I had an amazing secondary partner for over a year. We amicably ended the relationship recently. Because he now felt ready after his separation from his wife to look for that life partner relationship. That I just could provide. As I already have that with my nesting partner.
It's difficult to date and find someone to commit to pursuing a life partner relationship with while you are also dating someone else. I graciously stepped aside so he would pursue this new chapter in his life.
But now I find myself poly "single" I have my nesting partner who I have a life built with, and that all is great. We have lots of friendships built in our local poly community.
I am open to dating. Somewhere between passively putting my name out there to actively looking.
First I dipped a toe back in the dating pool and went on a lunch date. He seemed like a fairly "normal" person. And it was lunch. Lunch is harmless - especially mid-workweek lunch over my lunch break.
I could not have been more wrong about how harmless I thought this lunch would be. There was a decent amount of convo over the meal. (I did most of the talking cuz I tend to try to fill the silence with talking when nervous) He picks up the tab, we go to leave. He expressed he wasn't ready to call it done, so I agree to sit and chat in the car for a little while longer. At which time he proceeded to put his hands all over my body. I ask him to stop but he doesn't he says something to the effect of "you know how turned on I am by you"

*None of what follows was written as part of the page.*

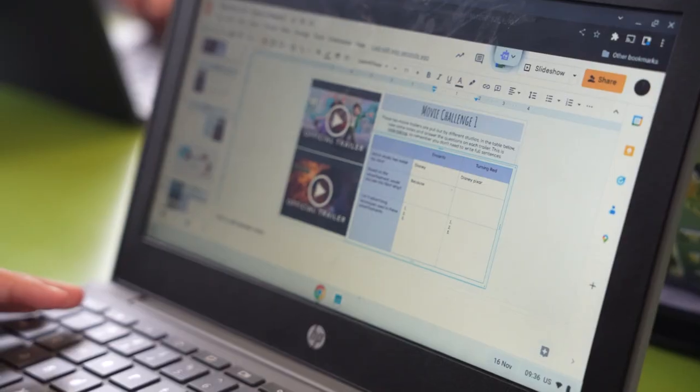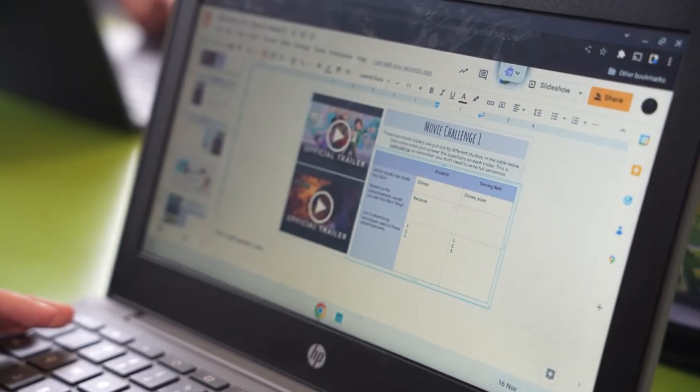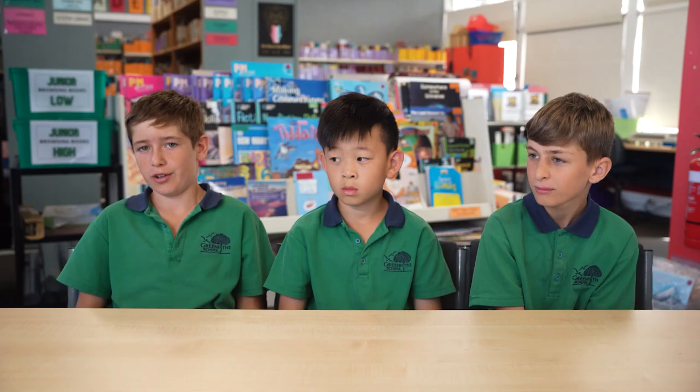We are editing and slightly changing it each week, so basically our learning intentions and the description of the activity change, but the template and overall look of the slideshow stays the same. I like the way learning slides are set up because they're really easy to access — you can just scroll down, decide what you want to do, and get on with your work.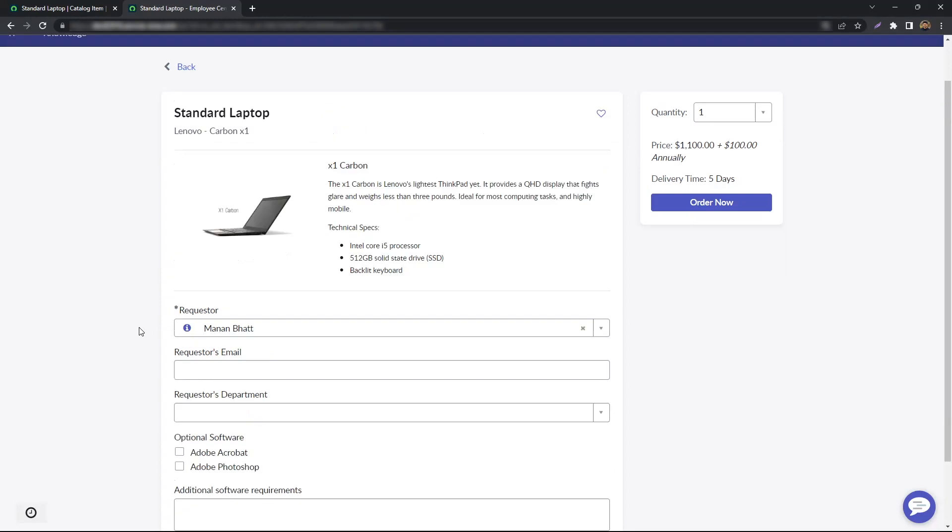For example, I have the requester's email and department on the standard laptop catalog item and I need to auto-populate the email and department based upon the requester.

I finally get him to stop touching me and then he won't stop asking me to come back to his office and have sex. You know "just a quickie" dude is still in my mfing car. He asks over and over and over.
Eventually, I can extract myself from that very awful situation. But I'm now put off trying to meet anyone any time soon.
Fast forward a few months, and I start talking to someone else, seems to be going ok, they are poly and living a truly poly life. (Bonus, no trying to convert someone) we set up a date, and on the day of the date, we are sending messages back and forth most of the morning. Then noon rolls around radio silence. I don't pay too much attention to it, I'm really busy around the yard, I assume other people also have lives to attend to. Getting closer to the time we set the date for still nothing. So I send some messages and get crickets. Dude effing ghosted.
I'm starting to feel like it's me... I am very open about what my life consists of, and what I have to offer.
Why is it so hard? I miss what I had! It was so easy.